In its latest credit opinion, Moody's Ratings lowered India's real GDP growth estimate to 6% from 6.8% earlier. The downgrade reflects expectations of weaker private consumption, softer industrial activity, and slowing investment amid rising input costs linked to geopolitical tensions.
The agency cautioned that supply disruptions—especially in LPG shipments—could lead to near-term shortages, higher fuel and transport costs, and spillovers into food inflation due to India's reliance on imported fertilisers. West Asia accounts for around 55% of India's crude oil imports and over 90% of LPG supplies.
"While inflation remains contained for now, geopolitical risks have tilted the inflation outlook to the upside," Moody's said, projecting inflation to average 4.8% in FY27, up from 2.4% in FY26.

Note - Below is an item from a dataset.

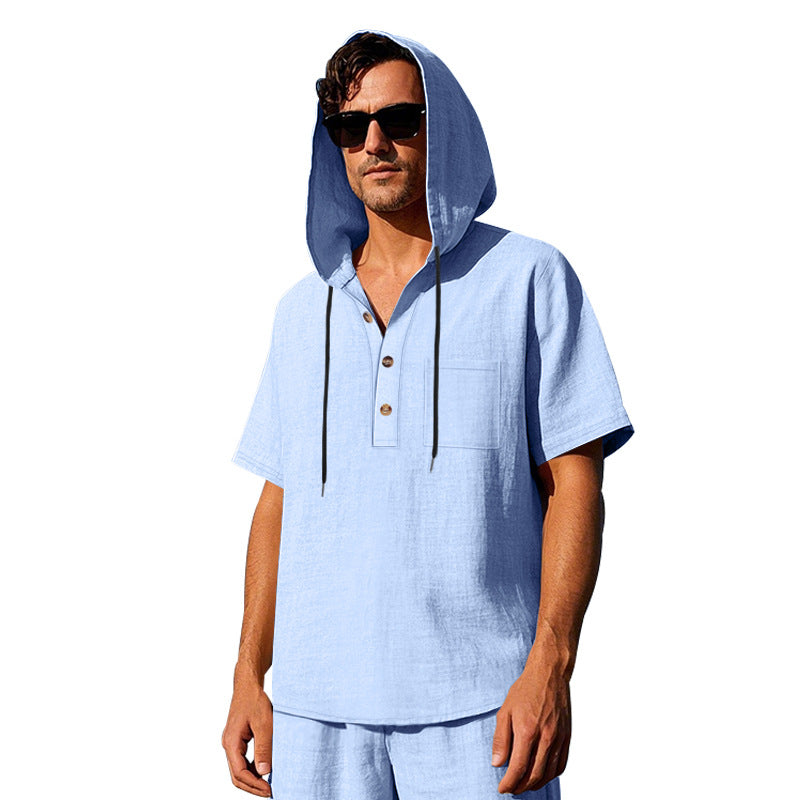 Herren lässiges Kapuzen-Sommerhemd mit Knopfleiste und Brusttasche Echoarchiv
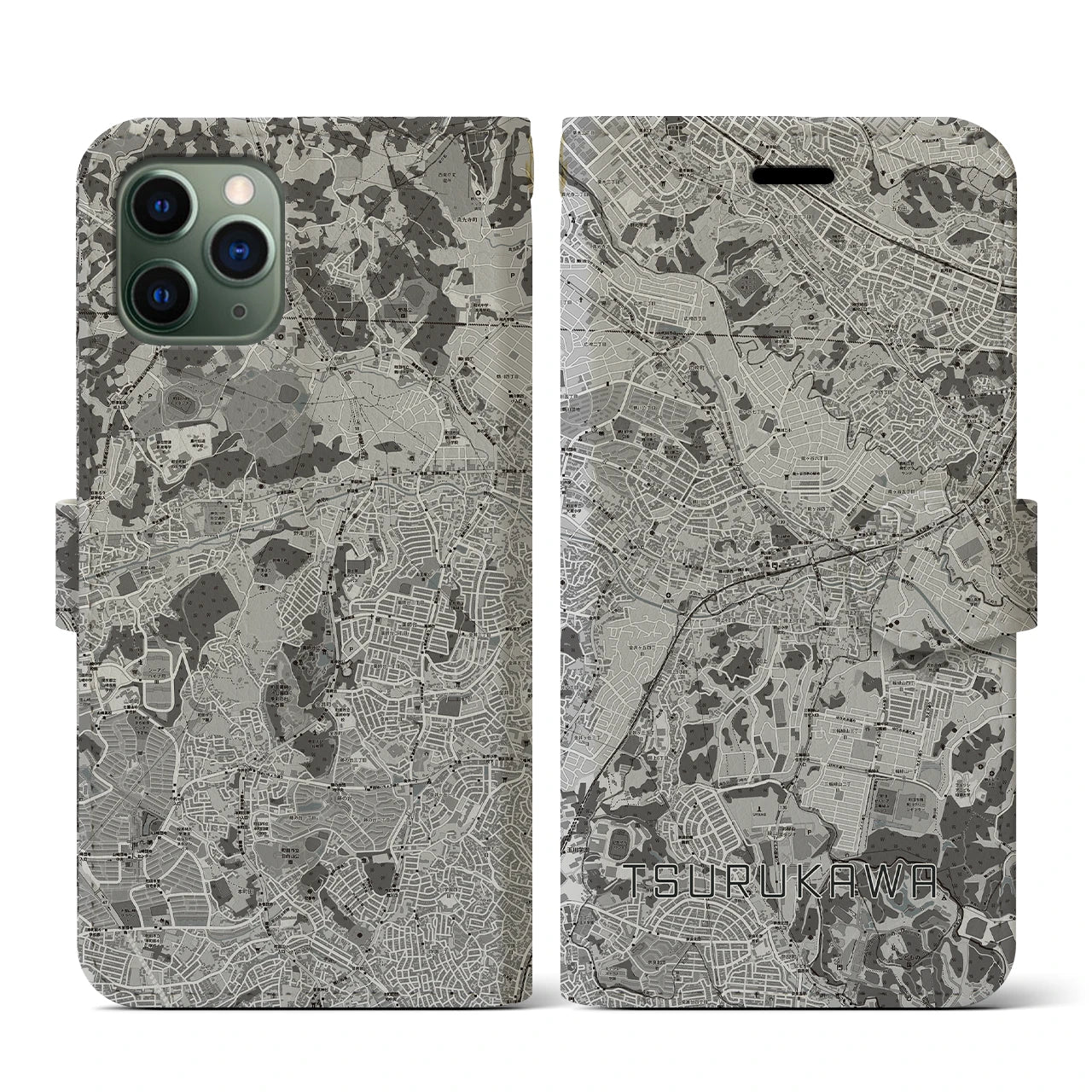 【鶴川(東京都)】地図柄iPhoneケース(手帳タイプ)モノトーン・iPhone 11 Pro 用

With inflation risks re-emerging, policy rates may be held steady or raised gradually in FY26–27, depending on how long geopolitical tensions persist and how they impact food and fuel prices.

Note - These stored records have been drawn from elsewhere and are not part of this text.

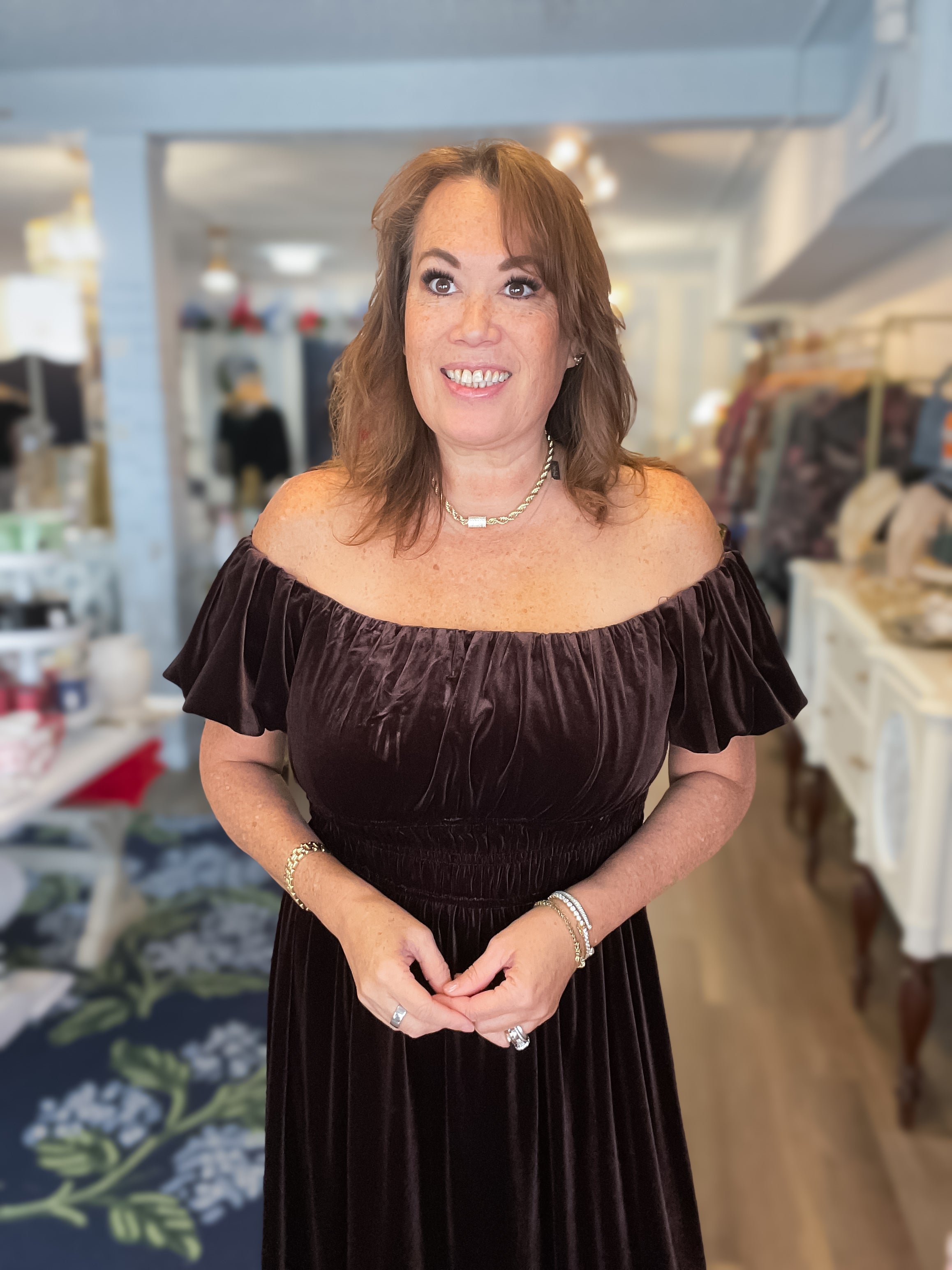 Cocoa Romance Velvet Dress Vine & Love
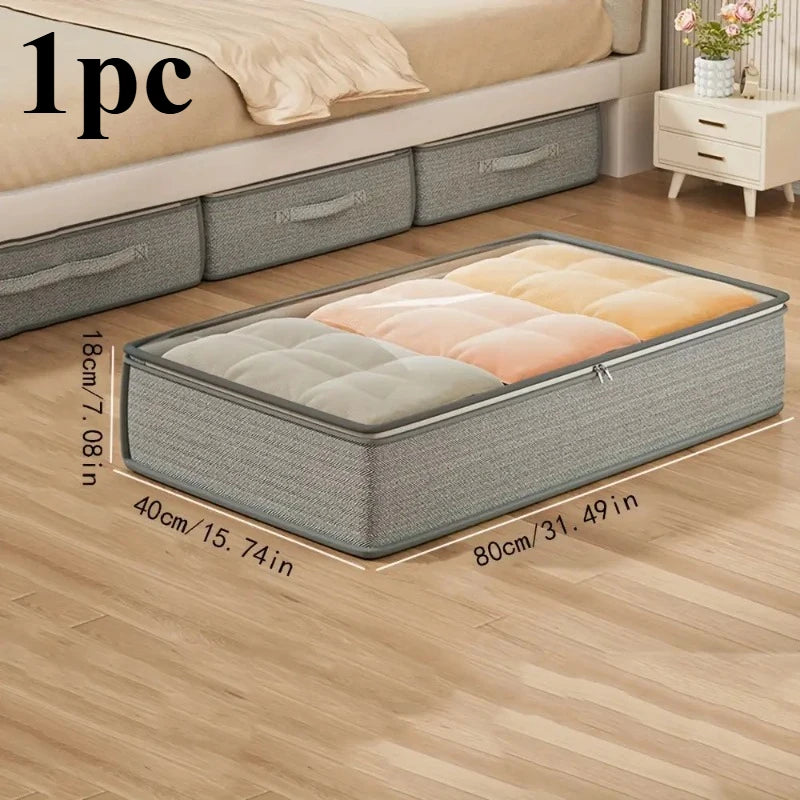 Large Under-Bed Storage Boxes – Stackable Non-Woven Fabric Clothes Organizer Bins for Bedroom Wardrobe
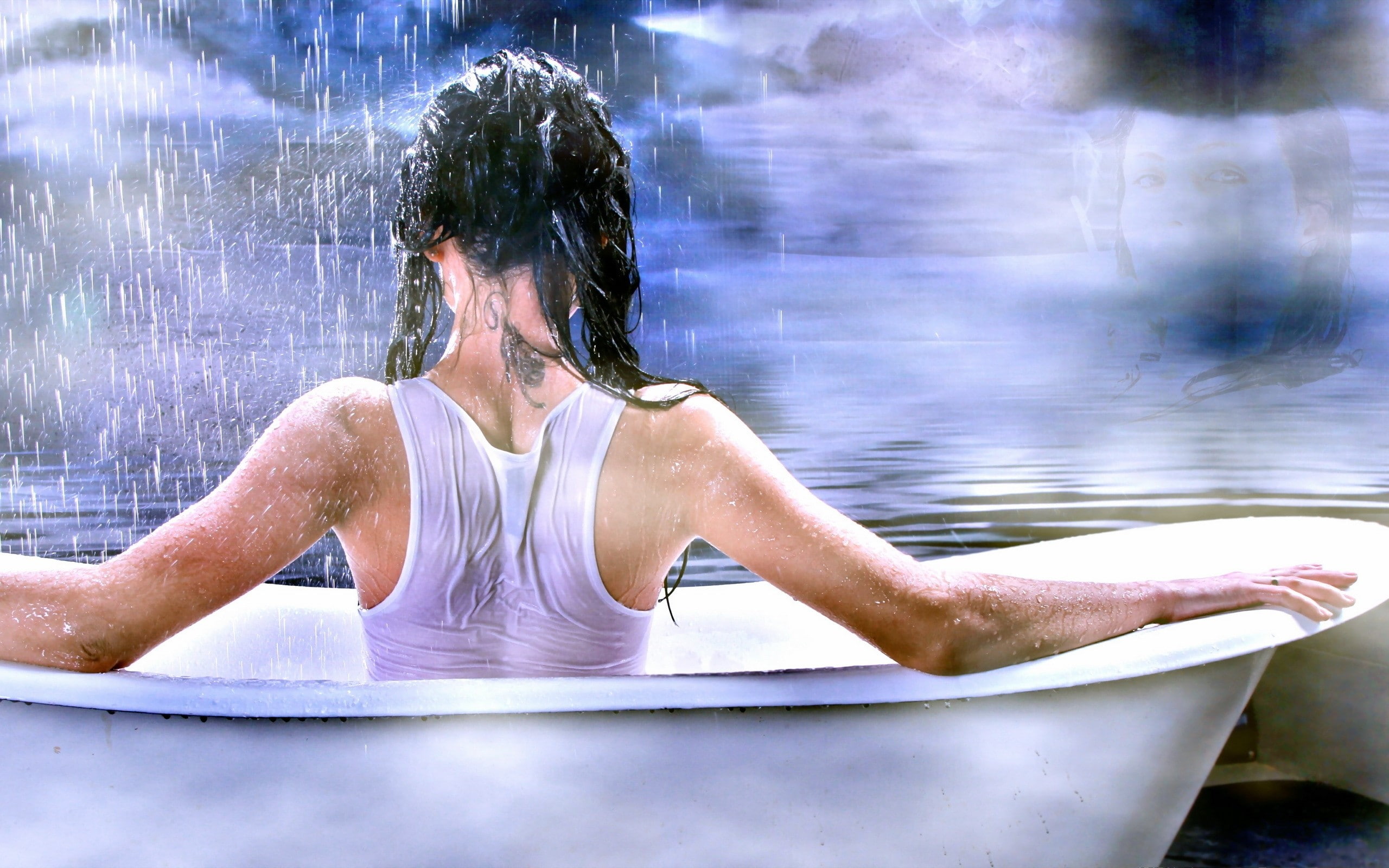 hairstyle, one person, women, hot tub, 2K, sport, bathtub, lifestyles, hair, Water, body care, Girl, relaxation exercise, swimming pool, real people, outdoors, HD Wallpaper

Last month, the Organisation for Economic Co-operation and Development projected India's GDP growth at 6.1% for the current fiscal, down from 7.6% in 2025-26.

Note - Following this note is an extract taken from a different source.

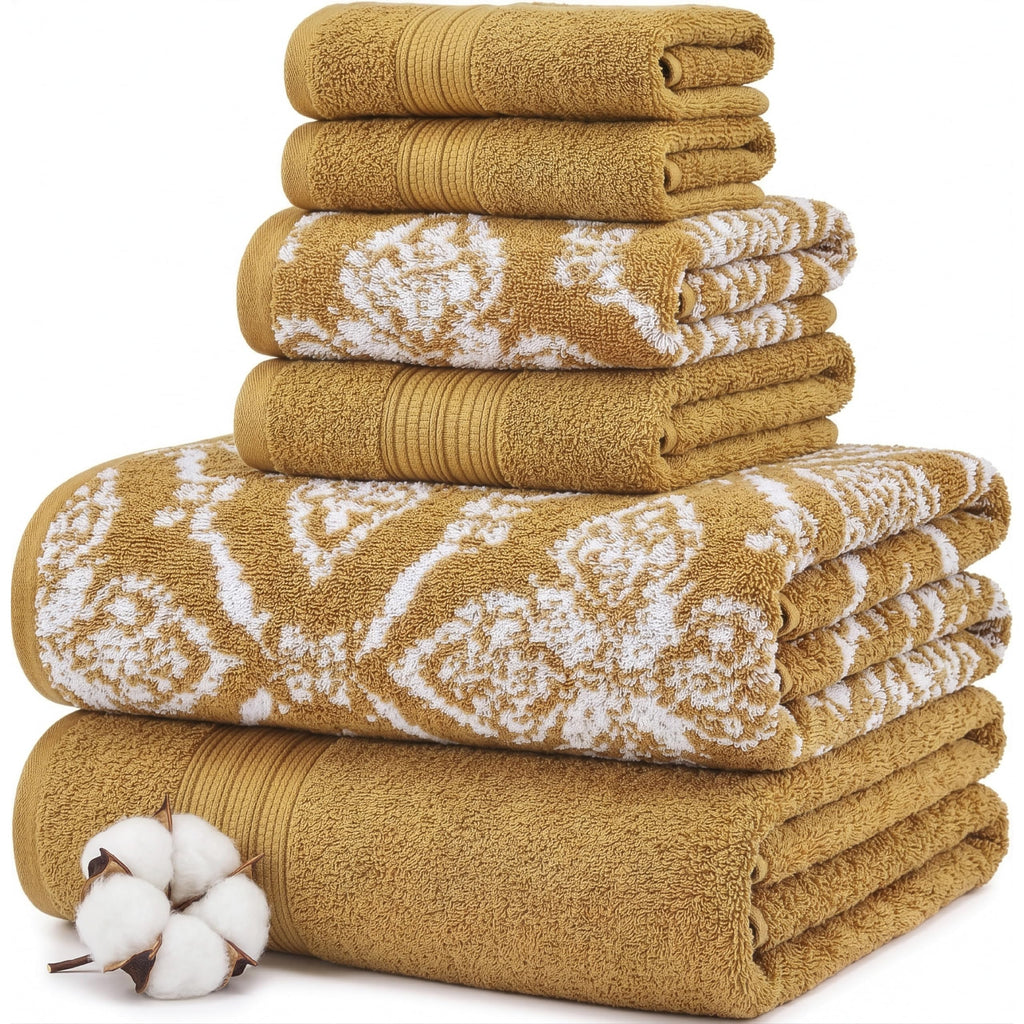 Modern Threads Capri 6-Piece Reversible Yarn Dyed Jacquard Towel Set - Bath Towels, Hand Towels, & Washcloths - Super Absorbent & Quick Dry - 100% Combed Cotton, Gold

An Economy Watch report by EY said India's real GDP growth could fall by about 1 percentage point, while retail inflation may rise by roughly 1.5 percentage points if the West Asia conflict continues through FY27.
Domestic rating agency ICRA expects growth to moderate to 6.5% in FY27 due to elevated energy prices and concerns around supply availability.
India's GDP growth remained strong at 7.5% in calendar year 2025, the highest among G-20 economies, supported by a rebound in manufacturing.
Moody's said elevated oil, gas and fertiliser prices would increase subsidy burdens and strain government finances. At the same time, recent excise duty cuts on petrol and diesel will weigh on tax revenues.
Higher input costs are also likely to hurt household consumption and corporate profitability, impacting GST collections and income tax revenues.
"Taken together, we expect higher expenditure commitments and weaker revenue mobilisation to constrain fiscal space and slow the pace of fiscal consolidation," it said.
Moody's expects gradual debt consolidation, with central government debt seen declining to around 50% of GDP by 2030-31 from about 57% in 2024-25.
India's current account deficit narrowed to around 0.4% of GDP in 2025 from 0.9% a year earlier, but is expected to widen to 1–1.5% in 2026 and 2027 due to higher import costs.
The agency said imports will rise on the back of elevated commodity prices, while exports are likely to remain stable. Trade disruptions in West Asia could also dampen demand for Indian agricultural exports.
Remittances pose another risk, with the Gulf region contributing nearly 40% of inflows, Moody's added.